Faith Precedes Understanding


“Now that same day two of them were going to a village called Emmaus, about seven miles from Jerusalem. They were talking with each other about everything that had happened. As they talked and discussed these things with each other, Jesus himself came up and walked along with them; but they were kept from recognizing him. He asked them, “What are you discussing together as you walk along?” They stood still, their faces downcast. One of them, named Cleopas, asked him, “Are you the only visitor to Jerusalem and do not know the things that have happened there in these days?” “What things?” he asked. “About Jesus of Nazareth,” they replied. “He was a prophet, powerful in word and deed before God and all the people. The chief priests and our rulers handed him over to be sentenced to death, and they crucified him; but we had hoped that he was the one who was going to redeem Israel. And what is more, it is the third day since all this took place.
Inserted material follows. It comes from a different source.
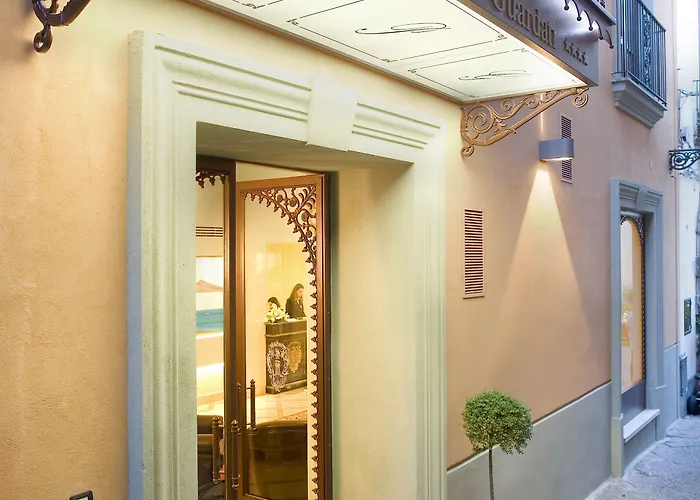 Hotel Palazzo Guardati 4*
In addition, some of our women amazed us. They went to the tomb early this morning but didn’t find his body. They came and told us that they had seen a vision of angels, who said he was alive. Then some of our companions went to the tomb and found it just as the women had said, but they did not see Jesus.” He said to them, “How foolish you are, and how slow to believe all that the prophets have spoken! Did not the Messiah have to suffer these things and then enter his glory?” And beginning with Moses and all the Prophets, he explained to them what was said in all the Scriptures concerning himself.” – Luke 24:13-35


We are all familiar with the cliché, “What came first? The chicken or the egg?” I have entitled this devotional series “Faith Precedes Understanding” because the world will tell you, “Seeing is believing,” but biblical faith and understanding are obtained in the exact opposite order—believing is seeing. Using the above text, Luke 24:13-35, over the next several weeks, I will seek to answer two questions:
  1. What does it mean to really believe?
  2. How is faith born in a person’s heart?
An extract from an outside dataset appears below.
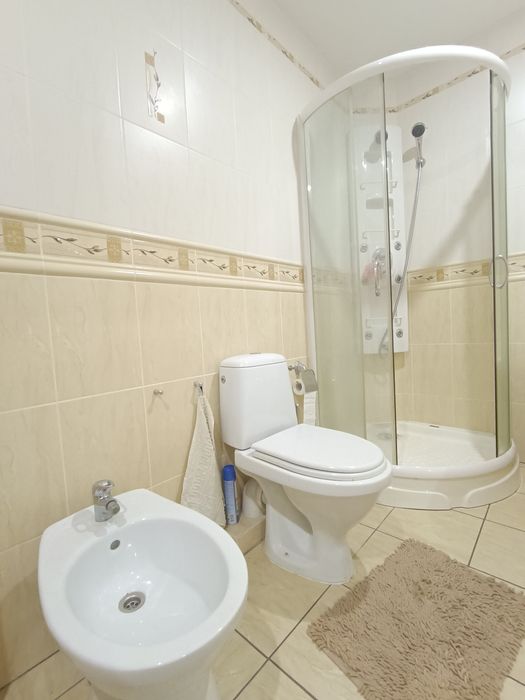 Продам 2 -х ком.кв в центре города с автономным отоплением 96 квартал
Paul writes in 1 Corinthians 2:14, “The man without the Spirit does not accept the things that come from the Spirit of God, for they are foolishness to him, and he cannot understand them, because they are spiritually discerned.” Paul was proclaiming this truth: faith precedes understanding. It’s only God’s Spirit who can lift the blinding veil from our spiritual eyes and give us understanding, and the Spirit can only operate in the heart of one who truly believes. Therefore, faith must precede understanding.

At some point, belief must transition from the mind to the heart. Hence, real biblical faith is born in the heart. Isaiah 29:13 states, “These people come near to me with their mouth and honor me with their lips, but their hearts are far from me. Their worship of me is made up only of rules taught by men.” Churches here in America are full of people who believe every word of the Apostle’s Creed, yet many of them don’t really know Jesus because their beliefs are still trapped in their minds and have never made their way to their hearts.
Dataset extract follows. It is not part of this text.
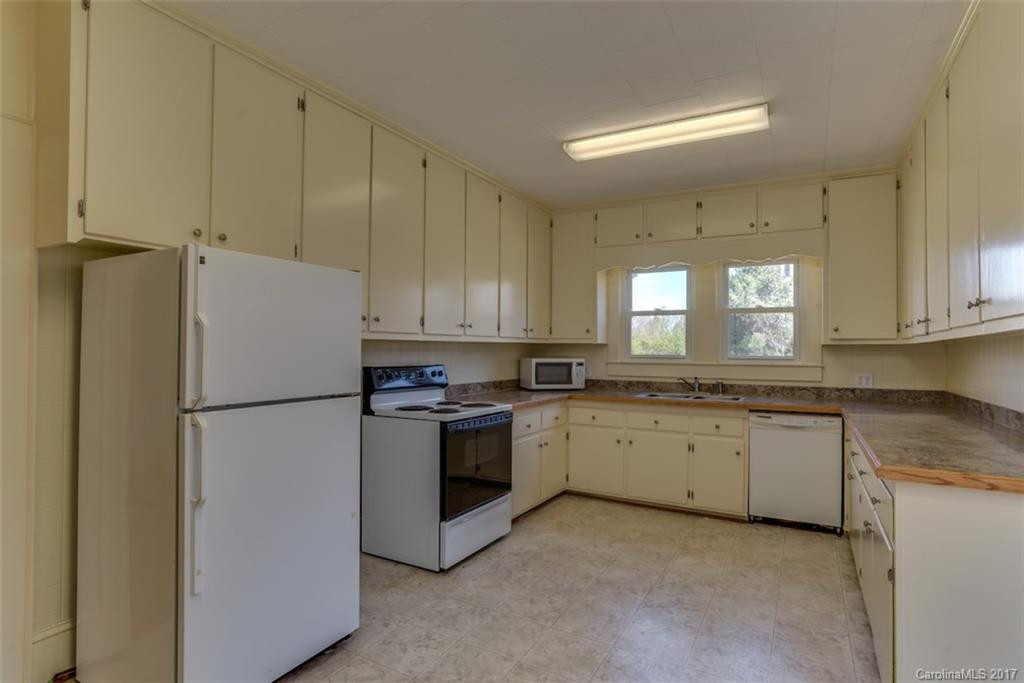6611 Hudlow Road - Photo 8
Examining the conversation that took place on the way to Emmaus, we must consider what it means to truly believe and have saving faith. Does your life show any real proof or evidence that you truly have biblical faith? This is a very important question to consider because the only faith that is acceptable to God is true biblical faith.

As we unpack the idea that faith precedes understanding, it is also helpful to remember Isaiah 55:8-9: “For my thoughts are not your thoughts, neither are your ways my ways,” declares the LORD. “As the heavens are higher than the earth, so are my ways higher than your ways and my thoughts than your thoughts.” Stay tuned!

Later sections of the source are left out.